Эту сиротскую долю привез сам истец — он был безупречно воспитан и не мог, конечно, допустить, чтобы женщина возилась с перевозкой. Он и его брат, загорелый теннисный юноша, тоже юрист, — там вся семья трудилась на ниве Закона, — перебрасываясь остротами, бодро втащили в дом тахту и тумбочку и даже пожелали выпить за новоселье, но у Нины не нашлось.
Оказалось, что за перевозку она должна уплатить шоферу четвертной (тут следовало подробное муторное объяснение, почему так дорого — воскресенье, шофер Федя собирался ехать с семьей за город, пришлось его уговаривать, пообещать и так далее) — у покалеченной в юридических сражениях Нины хватило только сил поинтересоваться, не должна ли она теннисному юноше за услуги грузчика.
Год прожила она здесь, словно от обморока отходила. Но однажды, нечаянно застав в зеркале свое бледное лицо на фоне облезлых, из чужой жизни обоев, очнулась, засучила рукава и недели две возилась с квартирой: обои клеила, красила окна и двери, вбивала дюбеля для книжных полок. Она все по хозяйству умела, и ловко у нее получалось, руки были ладные.
Потом появился Матвей…
Судьба столкнула их в трамвае, кстати, на Верхней Масловке, — в тот день Матвей засиделся у Анны Борисовны, а Нина возвращалась из редакции с толстой рукописью в пасмурного цвета папке. Она висела над могучим невозмутимым дядькой в затертой тирольской шляпе с двумя эфирными перышками на боку. Дядька величественно смотрел в тряскую книгу. Нина сверху заглянула в страницу. «Ложись, Роза, — сказала мать. — Ложись и отдохни. Тебе нужно обсохнуть…»

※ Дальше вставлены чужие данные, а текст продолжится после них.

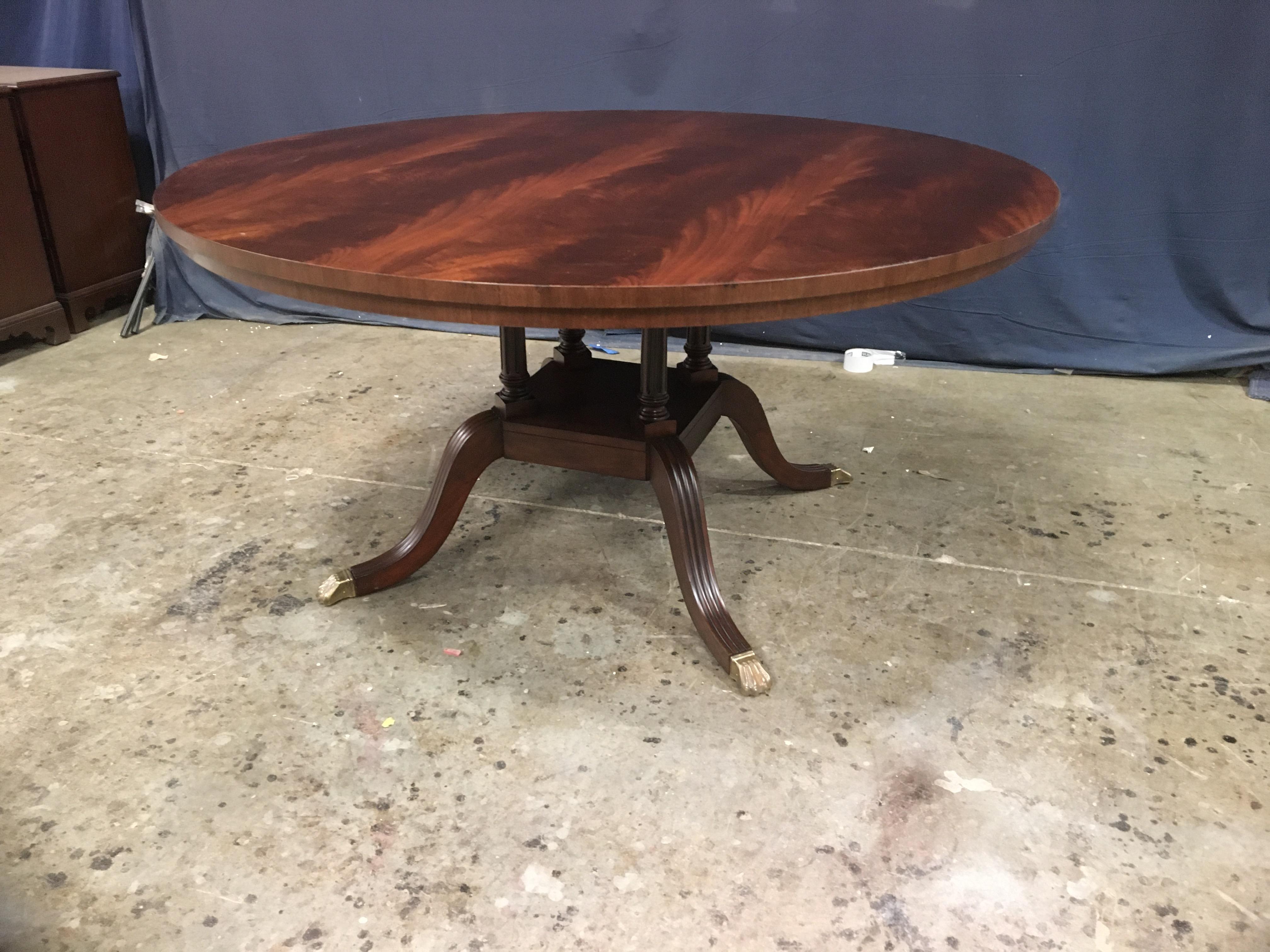 Round Mahogany Georgian Style Pedestal Dining Table by Leighton Hall For Sale 1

Тут она почувствовала, что на нее пристально смотрят, обернулась и поняла, что знает этого человека, кто-то когда-то знакомил их, только — где? на спектакле? на выставке? в частном доме? Она припомнила, что занимается он не то театрами, не то кино… словом, что-то богемное. Настроение у Нины в тот день было на редкость отвратительным, возобновлять знакомство с полузабытым человеком совершенно не хотелось, но на нее смотрели, ее просто рассматривали, ожидая, по-видимому, ответного узнавания. Деваться было некуда, она чуть кивнула ему и улыбнулась.
Матвей между тем ее не узнал, просто рассматривал интересное женское лицо и рассеянно думал, что пластический строй этого лица напоминает образы готических храмов. В юности он привязывался к понравившимся людям, выклянчивая согласие позировать. В последние годы устал.

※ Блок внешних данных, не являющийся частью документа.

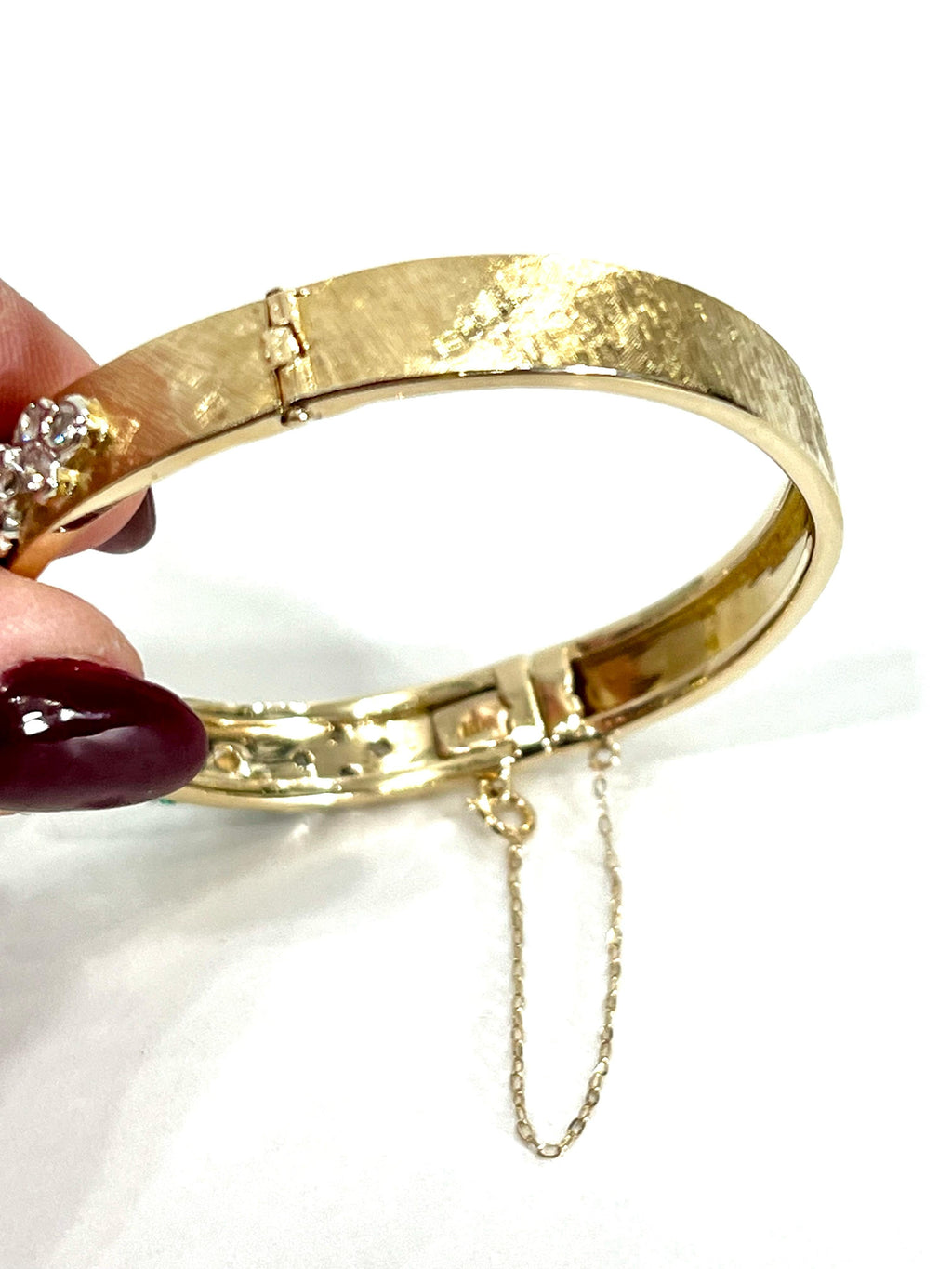 VINTAGE 14K DIAMOND AND EMERALD SOLID GOLD BRACELET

Когда женщина кивнула ему и улыбнулась вымученной улыбкой, он тоже вдруг припомнил ее, и тоже — смутно! — какое-то мимолетное, трехлетней давности знакомство — в поликлинике? в диетической столовой?
Он стал пробираться к ней, обрадовавшись, что будет писать ее портрет и не надо долго объяснять — кто он, почему пристает и что ничего плохого не хочет.
Остановок пять потребовалось на выяснение, где и при каких обстоятельствах они сталкивались, пока, наконец, не нащупали Луневых, общих знакомых, семью врачей, обогревающих людей от искусства.